Biden a Netanyahu: “Israele ha diritto a difendersi”


L’equilibrismo di Biden

Dal giorno del suo giuramento, Joe Biden cammina su un filo. Specialmente in Medio Oriente. Da una parte, il nuovo presidente si dichiara promotore dei valori e dei principi democratici. Tanto che assicura di voler riportare la pace in Medio Oriente con lo stesso impegno con cui Obama cercava di esportare la sua democrazia. Dall’altra, temporeggia. Ma Biden non è Obama. In questo senso, non sfugge la lentezza con la quale il presidente ha reso noto quale sarebbe stata la sua linea politica in Medio Oriente. Soprattutto, con la sua tiepida reazione al conflitto in corso avvalla l’offensiva di Israele ai danni dei palestinesi. Che sia puro calcolo? Lunedì, Biden si era rifiutato di condannare pubblicamente i raid a Gaza. Una mossa coerente con l’avvicinamento di Biden a Israele come mai era successo negli ultimi decenni.

Questione di strategia

Altri presidenti avrebbero sentito il bisogno di comparire davanti alle telecamere per invocare la calma. O almeno per esprimere cordoglio alle famiglie delle vittime. Ma non il democratico Biden. Altre amministrazioni avrebbero inviato una delegazione in Medio Oriente. Non la sua, anzi. A causa dell’intensificarsi del conflitto, gli Usa hanno richiamato circa 120 membri del loro personale militare e civile, che si trovavano nel paese per pianificare le prossime esercitazioni. Nei giorni scorsi, il drappello è partito su un aereo C-17 per tornare nella base statunitense in Germania. “Abbiamo chiarito che siamo pronti a prestare il nostro sostegno e buoni uffici alle parti qualora dovessero cercare un cessate il fuoco”, ha detto il Segretario di Stato Antony Blinken dalla Danimarca. Ma that’s all. Questo è tutto.


Biden chiede cessate il fuoco dopo l’escalation a Gaza


Il punto

D’altronde, in una regione in cui il “processo di pace” è scaduto già da molto tempo, la strategia migliore è di salvare il salvabile.

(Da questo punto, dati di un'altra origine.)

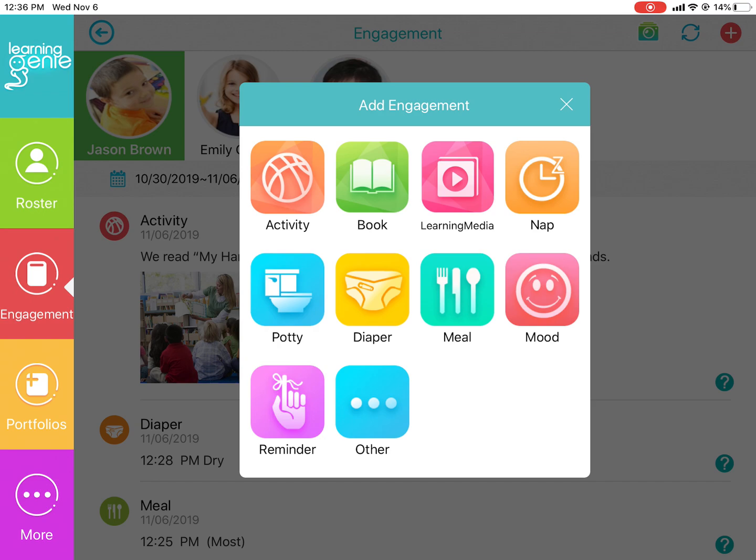Activity allows you to share photos or videos of the children. Book has a library of English and Spanish video books that you can share with families. Learning Media has a rich library of various parenting tips on different topics. Nap, Potty, Diaper, and Meal allow you to share updates on those activities.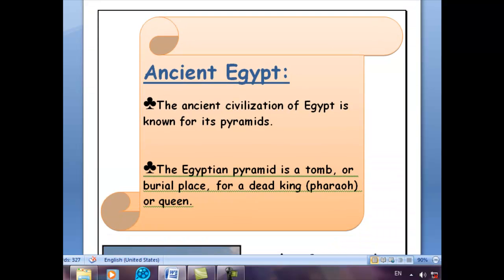Ancient Egypt. The ancient civilization of Egypt is known for its pyramids. The Egyptian pyramid is a tomb, or a burial place, for a dead king or queen. A tomb is a place where a dead person is buried. The word pharaoh is an equivalent word for king, but in ancient Egypt — we call the king a pharaoh.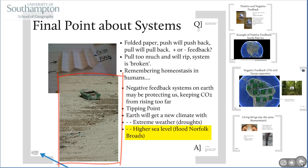Sea level will rise, which will flood places like Bangladesh, low-lying tropical islands, and the Norfolk Broads.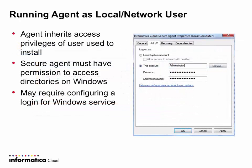One last thing to point out about the agent is that when you install it, it does automatically inherit the access privileges of the Windows user who installed it and the agent does need permissions to access directories on Windows.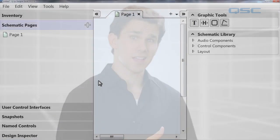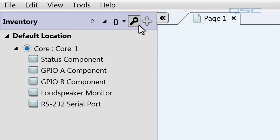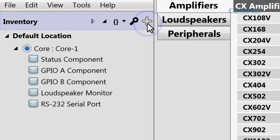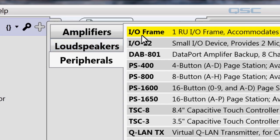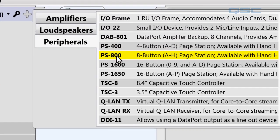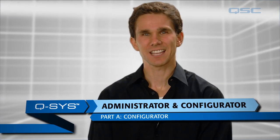When designing your system, every peripheral that is properly connected to your network will be discoverable via Q-SYS Configurator. Then, in order to make the peripheral accessible in your design, simply go to the inventory pane, click the plus icon, select peripheral, and add your device to your design. For more information on this process, check out the tutorial. Thanks for watching.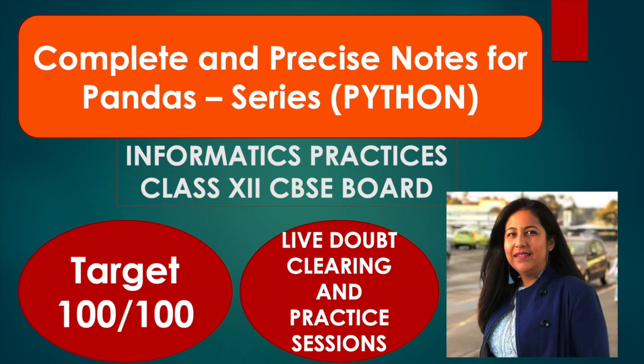Hi all, this is Anjali and today I am going to provide you your most demanded notes. So you all were behind me saying ma'am, give me notes, give me notes.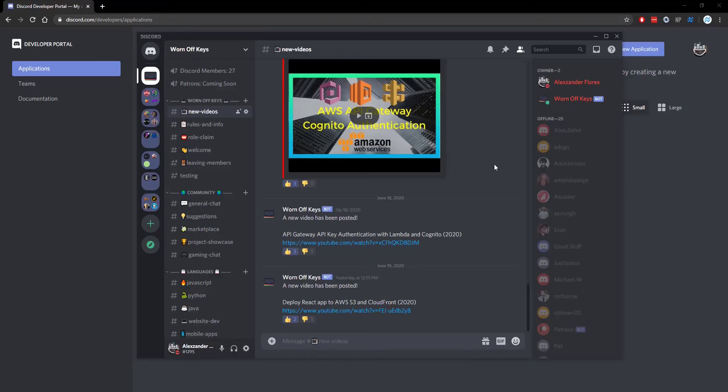Thanks for watching this Discord.js tutorial. If you want to learn more about Discord.js, consider clicking on the playlist you see on your screen now. If you need help, feel free to leave a comment or ask in the WornoffKeys Discord, which can be found in the video description.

Anche per evitare complicazioni. Del resto, sarebbe troppo rischioso farsi nemico Israele, che grazie agli Stati Uniti ha appena normalizzato i rapporti con la maggior parte dei Paesi del Golfo e del Nord Africa. Oltretutto in un territorio in cui non c’è facile ricompensa, visto che gli Usa godono di sempre minori consensi. Al contrario, sono altre le superpotenze che stanno incanalando a loro vantaggio i malumore nei confronti degli occupanti a stelle e strisce: soprattutto la Cina e la Russia. Ma il presedente Biden non potrà ignorare a lungo l’aumento di vittime civili. Specialmente donne e bambini.